Blutiges Moby-Video "Hühner haben auch Gefühle"
Richard Melville Hall ist so eine Art Super-Nerd. Der 42-jährige New Yorker, der es als DJ, Sänger und Techno-Musiker Moby zu Weltruhm gebracht hat, erfüllt alle Kriterien, die Testosteron-trunkene Machos und selbsterklärte Coolness-Pächter zur Weißglut treibt: Er trägt eine Intellektuellen-Brille zur modischen Glatze, ist seit Jahren überzeugter Veganer, äußert sich oft und gerne im Internet zu politischen Themen, hasst George W. Bush und alles, wofür der republikanische US-Präsident steht - und feiert regelmäßig Erfolge in den Pop-Charts und bei hübschen Frauen.

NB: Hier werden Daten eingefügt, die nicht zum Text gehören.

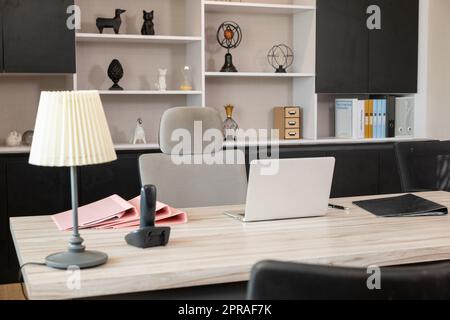 Comoda sedia bianca vicino alla scrivania in un elegante ufficio interno  Foto stock - Alamy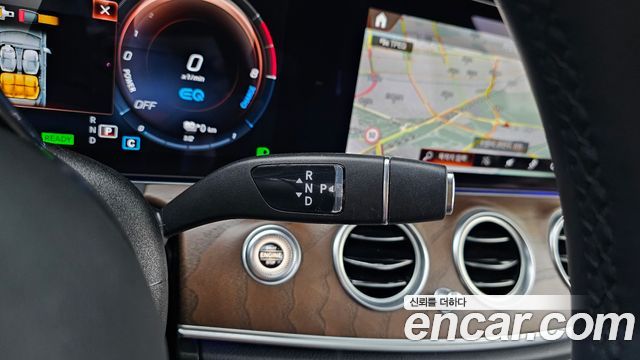 Mercedes-Benz E-Class E300e 4MATIC Exclusive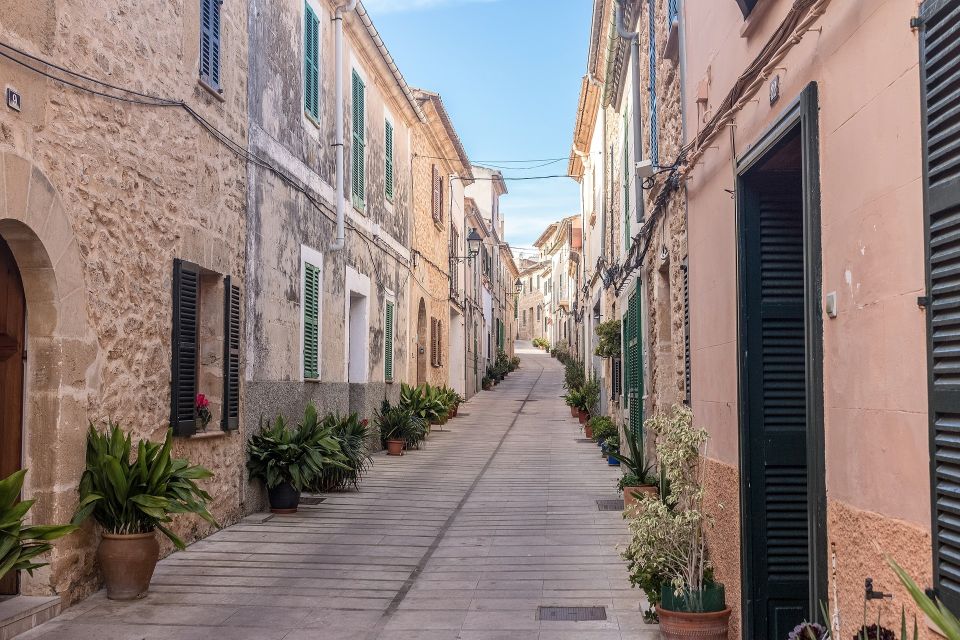 Cap de Formentor: Market, Beach, and Alcudia Tour - Alcudia Market and the Old Town Walls: Local Life Over Photo Stops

So zog der Nachfahre des Schriftstellers Herman Melville ("Moby Dick") unlängst sogar den Zorn der ähnlich nerdig veranlagten "Stars Wars"-Fangemeinde auf sich, weil er eine kurzzeitige Romanze mit Natalie Portman gehabt haben soll. Die Schauspielerin gibt in der Science-Fiction-Saga die liebliche Prinzessin Amidala - und soll sich nach Meinung der Fans offenbar nicht mit blässlichen Veganern einlassen. Bisher war Moby vor allem Zielscheibe des Spottes seiner Musiker-Kollegen. Legendär sind die medialen Schmäh-Gefechte, die er sich mit Rapper Eminem und der britischen Rüpelband Oasis lieferte.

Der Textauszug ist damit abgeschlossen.